The talk was part of the Legatum Institute Summer School. A video of the talk is available below.

The early success of Islam as a world religion and its quick migration into the five major cultural zones—Arab, Persian, Turkish, Malay, and African—can be partly explained by conquest theory and the culturally adaptive nature of Islam. However, this does not reflect a realistic explanation of how Muslims think about Islamic expansion and civilization.

Many Muslims view early successes as a measure of their faith in God. Muslims never had to internalise being “down and out.” They had no odyssey. But why is there no great Middle Eastern state? Is the West disrupting the Islamic Civilization? Or does the problem lie in how Muslims see themselves?

Islamic fundamentalists consider themselves the answer to the debate—power is tied to true faith.
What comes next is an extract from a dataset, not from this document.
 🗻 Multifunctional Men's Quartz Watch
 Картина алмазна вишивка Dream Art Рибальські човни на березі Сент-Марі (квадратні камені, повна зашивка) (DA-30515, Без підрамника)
They believe the answer lies in empowerment, not prosperity or fostering the economy. They’re not interested in why China is growing and they’re not. These issues of faith and power may resonate with the Muslim diaspora who, according to Nasr, are drawn to political and intellectual ideas that address empowerment issues.

Nasr also discusses the tribal influences on Islam, whereby more traditional groups “come out of the desert” and are confronted with a more modernised version of Islam. Nasr believes these tribal influences on Islam provide energy, revival and rejuvenation in the Islamic world, periodically allowing them to rebuild their political structures. However, in the Muslim identity, there is constant pressure for consolidation of puritanical orthodoxy from these tribal influences.

Vali Nasr is the Dean of the School of Advanced International Studies at John Hopkins University.

The Legatum Institute Summer School is a place of fusion and fission bringing together up-and-coming global leaders and a world-class faculty across disciplines and generations. This year’s inaugural event took place in August at the Castiglion del Bosco estate in Tuscany, Italy, and explored the question “What makes civilizations flourish—and fail?"